Thursday, July 30, 2009

Time to Do

"The only way to learn from your mistakes is to make mistakes"
-Anonymous

It's hard to do things. To make the choices. I've never been the dealbreaker. I always search for compromise, balance, and pleasantry. I wish I was more of the person I want to be. I regret so much in life. I yearn to be perfect. I am always disappointed. I know I don't have to be perfect. I know I don't have to find success. Why can't I just be contented and happy? Why can't I make those decisions without breaking apart and freaking out? Why can't I handle mistakes? Why do I feel like a constant disappointment and failure?

Today I realized that instead of making decisions I just stall and hope that my choices will be decided for me. In fact in the past few years I can't remember a time when I made a decision that was not clear cut without help. I always push back anything that is important. I always halt any major decisions and wait for input from other people and more information. So I am trying to figure out how I can more effectively decide and act.

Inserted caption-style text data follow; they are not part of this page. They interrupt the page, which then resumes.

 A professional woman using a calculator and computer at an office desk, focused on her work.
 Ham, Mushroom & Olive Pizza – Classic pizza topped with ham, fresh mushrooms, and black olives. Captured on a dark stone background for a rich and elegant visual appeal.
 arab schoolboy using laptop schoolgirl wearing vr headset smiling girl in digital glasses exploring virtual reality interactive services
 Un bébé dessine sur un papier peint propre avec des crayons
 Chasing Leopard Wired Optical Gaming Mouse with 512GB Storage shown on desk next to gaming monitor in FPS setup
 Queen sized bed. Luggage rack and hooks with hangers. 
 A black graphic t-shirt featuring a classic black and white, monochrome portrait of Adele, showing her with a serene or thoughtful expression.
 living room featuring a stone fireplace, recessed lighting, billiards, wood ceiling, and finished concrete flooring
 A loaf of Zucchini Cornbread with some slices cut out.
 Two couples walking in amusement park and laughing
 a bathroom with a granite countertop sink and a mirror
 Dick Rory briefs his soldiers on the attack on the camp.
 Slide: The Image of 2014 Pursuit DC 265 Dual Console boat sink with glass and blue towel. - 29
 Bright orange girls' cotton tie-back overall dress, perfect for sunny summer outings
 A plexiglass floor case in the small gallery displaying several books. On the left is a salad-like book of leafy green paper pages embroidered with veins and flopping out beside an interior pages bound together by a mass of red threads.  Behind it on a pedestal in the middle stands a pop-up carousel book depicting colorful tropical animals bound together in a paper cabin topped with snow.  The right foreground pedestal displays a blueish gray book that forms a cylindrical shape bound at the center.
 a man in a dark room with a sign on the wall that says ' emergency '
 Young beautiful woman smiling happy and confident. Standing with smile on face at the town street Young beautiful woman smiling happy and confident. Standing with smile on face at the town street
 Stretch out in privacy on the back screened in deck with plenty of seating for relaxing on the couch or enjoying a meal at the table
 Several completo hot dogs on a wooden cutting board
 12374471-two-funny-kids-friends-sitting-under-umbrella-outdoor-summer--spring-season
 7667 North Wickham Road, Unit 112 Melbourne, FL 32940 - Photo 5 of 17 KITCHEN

People always tell me different advice. Just Do It, like the Nike commercials say. Sometimes that works for me. But usually it requires the perfect conditions and uses up a lot of energy and stress. It feels great when I do things by myself just by straightforward action, but I don't seem to be able to always easily "do it." Others say I should be motivated by god. Or my parents should push me more. Everyone makes it seem so easy. I don't know what needs to happen to me. But I need to change. I need to be able to make the tough decisions without running away from them.

I talk so much about how I want to do so many things. But I never actually do anything. I just cannot get myself to go and accomplish my goals. I feel so debilitated by my fears of imperfection, mistakes, and displeasure among my peers. I strive to have this perfect world, but in doing so I make my world worse. I only seem to follow the short-term solutions and never work towards long-term fulfillment.

I want to go forwards. I hate this rut I've been stuck in for so long. Where is my confidence? Where is my self-esteem? Where is my motivation? Where is my soul?

"Bruised Water" Chicane ft. Natasha Bedingfield



"But if I never take this leap of faith I’ll never know"

above song lyric: exactly the focus of my whole discussion.